Your assignment — This task calls for the complete listing below, reproduced exactly.
____________
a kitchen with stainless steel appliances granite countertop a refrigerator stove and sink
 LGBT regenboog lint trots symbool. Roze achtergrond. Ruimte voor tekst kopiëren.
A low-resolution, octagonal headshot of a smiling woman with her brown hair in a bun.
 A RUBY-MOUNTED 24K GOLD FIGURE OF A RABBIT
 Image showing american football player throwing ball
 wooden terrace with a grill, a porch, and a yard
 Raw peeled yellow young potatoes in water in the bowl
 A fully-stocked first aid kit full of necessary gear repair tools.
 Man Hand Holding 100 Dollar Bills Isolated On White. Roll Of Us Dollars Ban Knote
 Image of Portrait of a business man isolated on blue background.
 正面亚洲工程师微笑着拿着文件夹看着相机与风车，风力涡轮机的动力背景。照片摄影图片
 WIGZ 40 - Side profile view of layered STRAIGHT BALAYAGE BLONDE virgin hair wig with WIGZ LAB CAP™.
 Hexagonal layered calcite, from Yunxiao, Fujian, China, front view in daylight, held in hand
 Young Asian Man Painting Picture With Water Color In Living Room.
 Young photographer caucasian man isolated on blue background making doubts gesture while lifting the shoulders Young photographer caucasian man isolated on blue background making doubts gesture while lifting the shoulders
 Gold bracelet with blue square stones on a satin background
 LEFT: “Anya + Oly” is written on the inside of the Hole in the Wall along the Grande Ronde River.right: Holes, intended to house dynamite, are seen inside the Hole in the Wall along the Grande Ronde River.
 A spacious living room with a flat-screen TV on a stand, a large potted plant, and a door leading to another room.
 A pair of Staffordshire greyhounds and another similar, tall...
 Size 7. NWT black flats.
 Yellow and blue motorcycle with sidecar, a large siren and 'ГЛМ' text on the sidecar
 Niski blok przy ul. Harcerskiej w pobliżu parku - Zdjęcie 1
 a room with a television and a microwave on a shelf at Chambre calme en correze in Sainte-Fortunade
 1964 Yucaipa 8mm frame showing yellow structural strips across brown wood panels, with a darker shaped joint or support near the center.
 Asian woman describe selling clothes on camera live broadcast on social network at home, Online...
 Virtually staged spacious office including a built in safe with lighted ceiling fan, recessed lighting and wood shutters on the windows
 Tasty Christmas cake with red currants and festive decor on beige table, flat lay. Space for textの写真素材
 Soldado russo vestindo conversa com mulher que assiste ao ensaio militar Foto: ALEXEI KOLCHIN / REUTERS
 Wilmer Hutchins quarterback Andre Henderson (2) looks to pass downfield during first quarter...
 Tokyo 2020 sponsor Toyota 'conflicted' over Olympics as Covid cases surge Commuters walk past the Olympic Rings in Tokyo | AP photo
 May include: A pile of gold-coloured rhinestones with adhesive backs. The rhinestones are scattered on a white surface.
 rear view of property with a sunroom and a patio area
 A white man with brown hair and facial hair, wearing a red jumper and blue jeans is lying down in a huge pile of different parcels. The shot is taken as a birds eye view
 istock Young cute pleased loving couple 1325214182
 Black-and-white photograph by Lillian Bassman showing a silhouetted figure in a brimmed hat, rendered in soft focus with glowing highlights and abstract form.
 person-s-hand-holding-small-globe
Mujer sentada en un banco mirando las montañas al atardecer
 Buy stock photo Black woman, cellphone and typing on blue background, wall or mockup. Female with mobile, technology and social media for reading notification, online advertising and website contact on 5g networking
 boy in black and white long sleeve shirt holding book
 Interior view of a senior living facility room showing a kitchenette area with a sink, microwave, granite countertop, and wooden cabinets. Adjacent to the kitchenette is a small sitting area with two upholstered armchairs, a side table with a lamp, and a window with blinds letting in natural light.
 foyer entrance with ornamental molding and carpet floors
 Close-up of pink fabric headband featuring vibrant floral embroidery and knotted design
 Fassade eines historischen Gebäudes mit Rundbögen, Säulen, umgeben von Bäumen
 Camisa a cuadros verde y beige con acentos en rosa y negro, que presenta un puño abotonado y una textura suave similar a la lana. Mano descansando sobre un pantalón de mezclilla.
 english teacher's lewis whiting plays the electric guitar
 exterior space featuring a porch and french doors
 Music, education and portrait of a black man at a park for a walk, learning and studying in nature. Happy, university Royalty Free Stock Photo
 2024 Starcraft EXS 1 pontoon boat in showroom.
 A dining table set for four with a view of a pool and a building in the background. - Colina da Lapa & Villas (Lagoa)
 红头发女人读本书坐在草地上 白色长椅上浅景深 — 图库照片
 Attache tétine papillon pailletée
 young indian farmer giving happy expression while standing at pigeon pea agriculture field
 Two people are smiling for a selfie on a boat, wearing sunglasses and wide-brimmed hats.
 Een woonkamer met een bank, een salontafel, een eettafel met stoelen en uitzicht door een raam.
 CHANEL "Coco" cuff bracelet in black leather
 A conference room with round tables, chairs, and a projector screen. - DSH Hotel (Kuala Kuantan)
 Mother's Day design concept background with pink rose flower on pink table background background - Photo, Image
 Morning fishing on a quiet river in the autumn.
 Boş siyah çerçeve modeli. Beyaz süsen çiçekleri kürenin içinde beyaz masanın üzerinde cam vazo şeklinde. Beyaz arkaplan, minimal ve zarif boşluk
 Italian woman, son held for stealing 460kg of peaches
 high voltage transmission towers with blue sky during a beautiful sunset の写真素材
____________
Task response —
a kitchen with stainless steel appliances granite countertop a refrigerator stove and sink
 LGBT regenboog lint trots symbool. Roze achtergrond. Ruimte voor tekst kopiëren.
A low-resolution, octagonal headshot of a smiling woman with her brown hair in a bun.
 A RUBY-MOUNTED 24K GOLD FIGURE OF A RABBIT
 Image showing american football player throwing ball
 wooden terrace with a grill, a porch, and a yard
 Raw peeled yellow young potatoes in water in the bowl
 A fully-stocked first aid kit full of necessary gear repair tools.
 Man Hand Holding 100 Dollar Bills Isolated On White. Roll Of Us Dollars Ban Knote
 Image of Portrait of a business man isolated on blue background.
 正面亚洲工程师微笑着拿着文件夹看着相机与风车，风力涡轮机的动力背景。照片摄影图片
 WIGZ 40 - Side profile view of layered STRAIGHT BALAYAGE BLONDE virgin hair wig with WIGZ LAB CAP™.
 Hexagonal layered calcite, from Yunxiao, Fujian, China, front view in daylight, held in hand
 Young Asian Man Painting Picture With Water Color In Living Room.
 Young photographer caucasian man isolated on blue background making doubts gesture while lifting the shoulders Young photographer caucasian man isolated on blue background making doubts gesture while lifting the shoulders
 Gold bracelet with blue square stones on a satin background
 LEFT: “Anya + Oly” is written on the inside of the Hole in the Wall along the Grande Ronde River.right: Holes, intended to house dynamite, are seen inside the Hole in the Wall along the Grande Ronde River.
 A spacious living room with a flat-screen TV on a stand, a large potted plant, and a door leading to another room.
 A pair of Staffordshire greyhounds and another similar, tall...
 Size 7. NWT black flats.
 Yellow and blue motorcycle with sidecar, a large siren and 'ГЛМ' text on the sidecar
 Niski blok przy ul. Harcerskiej w pobliżu parku - Zdjęcie 1
 a room with a television and a microwave on a shelf at Chambre calme en correze in Sainte-Fortunade
 1964 Yucaipa 8mm frame showing yellow structural strips across brown wood panels, with a darker shaped joint or support near the center.
 Asian woman describe selling clothes on camera live broadcast on social network at home, Online...
 Virtually staged spacious office including a built in safe with lighted ceiling fan, recessed lighting and wood shutters on the windows
 Tasty Christmas cake with red currants and festive decor on beige table, flat lay. Space for textの写真素材
 Soldado russo vestindo conversa com mulher que assiste ao ensaio militar Foto: ALEXEI KOLCHIN / REUTERS
 Wilmer Hutchins quarterback Andre Henderson (2) looks to pass downfield during first quarter...
 Tokyo 2020 sponsor Toyota 'conflicted' over Olympics as Covid cases surge Commuters walk past the Olympic Rings in Tokyo | AP photo
 May include: A pile of gold-coloured rhinestones with adhesive backs. The rhinestones are scattered on a white surface.
 rear view of property with a sunroom and a patio area
 A white man with brown hair and facial hair, wearing a red jumper and blue jeans is lying down in a huge pile of different parcels. The shot is taken as a birds eye view
 istock Young cute pleased loving couple 1325214182
 Black-and-white photograph by Lillian Bassman showing a silhouetted figure in a brimmed hat, rendered in soft focus with glowing highlights and abstract form.
 person-s-hand-holding-small-globe
Mujer sentada en un banco mirando las montañas al atardecer
 Buy stock photo Black woman, cellphone and typing on blue background, wall or mockup. Female with mobile, technology and social media for reading notification, online advertising and website contact on 5g networking
 boy in black and white long sleeve shirt holding book
 Interior view of a senior living facility room showing a kitchenette area with a sink, microwave, granite countertop, and wooden cabinets. Adjacent to the kitchenette is a small sitting area with two upholstered armchairs, a side table with a lamp, and a window with blinds letting in natural light.
 foyer entrance with ornamental molding and carpet floors
 Close-up of pink fabric headband featuring vibrant floral embroidery and knotted design
 Fassade eines historischen Gebäudes mit Rundbögen, Säulen, umgeben von Bäumen
 Camisa a cuadros verde y beige con acentos en rosa y negro, que presenta un puño abotonado y una textura suave similar a la lana. Mano descansando sobre un pantalón de mezclilla.
 english teacher's lewis whiting plays the electric guitar
 exterior space featuring a porch and french doors
 Music, education and portrait of a black man at a park for a walk, learning and studying in nature. Happy, university Royalty Free Stock Photo
 2024 Starcraft EXS 1 pontoon boat in showroom.
 A dining table set for four with a view of a pool and a building in the background. - Colina da Lapa & Villas (Lagoa)
 红头发女人读本书坐在草地上 白色长椅上浅景深 — 图库照片
 Attache tétine papillon pailletée
 young indian farmer giving happy expression while standing at pigeon pea agriculture field
 Two people are smiling for a selfie on a boat, wearing sunglasses and wide-brimmed hats.
 Een woonkamer met een bank, een salontafel, een eettafel met stoelen en uitzicht door een raam.
 CHANEL "Coco" cuff bracelet in black leather
 A conference room with round tables, chairs, and a projector screen. - DSH Hotel (Kuala Kuantan)
 Mother's Day design concept background with pink rose flower on pink table background background - Photo, Image
 Morning fishing on a quiet river in the autumn.
 Boş siyah çerçeve modeli. Beyaz süsen çiçekleri kürenin içinde beyaz masanın üzerinde cam vazo şeklinde. Beyaz arkaplan, minimal ve zarif boşluk
 Italian woman, son held for stealing 460kg of peaches
 high voltage transmission towers with blue sky during a beautiful sunset の写真素材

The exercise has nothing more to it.